The first half of the book follows the course of the Civil War from its origins in the Treaty to the ‘dump arms’ order given by the Republican leadership less than a year after hostilities began. The second half of the book deals with the war’s legacy right up until today. The book is heavy on personal stories and experiences, all in the framework of an engaging narrative.

The book doesn’t pull its punches on the Republican side – they funded their cause through hundreds of robberies even before the war broke out; the leaders were long on incoherent romanticism, short on plans; some of the rank-and-file committed terrible atrocities.

But it’s the emerging Free State government who come across as despicable. Their army was ill-disciplined and drunk.

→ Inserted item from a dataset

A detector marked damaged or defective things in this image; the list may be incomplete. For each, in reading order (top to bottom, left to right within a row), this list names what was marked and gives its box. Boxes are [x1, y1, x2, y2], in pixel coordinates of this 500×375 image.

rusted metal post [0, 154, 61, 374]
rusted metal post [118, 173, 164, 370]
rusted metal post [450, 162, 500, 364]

O’Daly, the commander of the force which committed the Ballyseedy massacre, was also responsible for other atrocities. After the war he lived out his life in prosperity and comfort. The Free State government kept up a barrage of sexist insults against women Republican activists and rejected any possibility of a peace treaty.

‘If we have to exterminate ten thousand Republicans,’ declared Cosgrave, ‘the three millions of our people is bigger than this ten thousand.’ The mathematics are beyond reproach, but the grammar leaves something to be desired, and the ethics are bankrupt. Needless to say, at no point were ‘the three millions’ in danger of extermination at the hands of Eamon De Valera.

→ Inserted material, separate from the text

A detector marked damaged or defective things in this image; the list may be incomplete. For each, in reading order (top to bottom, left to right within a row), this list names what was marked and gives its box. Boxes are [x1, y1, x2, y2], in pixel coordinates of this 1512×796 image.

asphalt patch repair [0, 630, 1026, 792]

The total fatalities of the war were closer to one than to ten thousand – maybe 1500 in all. Ferriter acknowledges that compared to the Finnish Civil War, we got off lightly (36,000 killed in  just 5 months in a population similar in size to that of Ireland). But the three millions, who had exhibited such revolutionary energy in the years 1913-1923, were demoralised, even crushed, and left with deep scars.

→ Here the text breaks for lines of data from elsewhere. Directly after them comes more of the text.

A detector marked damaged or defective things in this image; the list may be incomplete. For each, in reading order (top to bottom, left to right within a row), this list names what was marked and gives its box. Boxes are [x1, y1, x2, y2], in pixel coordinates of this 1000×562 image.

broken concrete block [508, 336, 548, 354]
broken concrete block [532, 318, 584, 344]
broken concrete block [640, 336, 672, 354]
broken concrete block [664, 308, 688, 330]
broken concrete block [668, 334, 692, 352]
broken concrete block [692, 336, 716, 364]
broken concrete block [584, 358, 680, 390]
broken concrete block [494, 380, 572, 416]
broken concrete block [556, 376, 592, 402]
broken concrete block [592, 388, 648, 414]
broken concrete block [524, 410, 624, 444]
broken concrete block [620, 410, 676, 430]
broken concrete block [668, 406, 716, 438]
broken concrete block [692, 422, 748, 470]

The pension archives have proved to be a gold mine for historians and that is reflected in this book. The applications have revealed a wealth of personal stories, often tragic and harrowing. 82,000 people made applications for pensions for their military service during the revolutionary period. By 1960 only 18,000 had received a pension, and many claimed that the pensions went to those who had connections, not necessarily those who had risked their lives.

While there are many fascinating stories and valuable insights in the second half of the book, it has less momentum than the first half. It appears to be part of a trend of focusing on how history has been commemorated as opposed to the events themselves. Readers might expect a single chapter, not a whole half of the book, to be devoted to the war’s legacy.

Ferriter has done a great job of tracing the subsequent histories of many participants in the war and their families – from the ‘big names’ to obscure individuals maimed, traumatised or killed. That’s where the pensions archive in particular comes into its own. In places the toll of trauma and misery becomes relentless, with an element of repetition, and pointing toward no clear conclusion. But this is no doubt a feature rather than a bug – the author wants to hammer home a phenomenon that’s been overlooked. When we talk about war, we don’t think about the soldier who spent a night searching in a river for the body of his dead friend and ended up contracting a life-long illness. We don’t know about the 80-100 veterans of the Free State army who could be found sleeping rough in the Phoenix Park on an ordinary night in 1925. It’s not heroic or edifying but it’s true.

Between two hells: the Irish Civil War by Diarmaid Ferriter, published by Profile Books, 2021.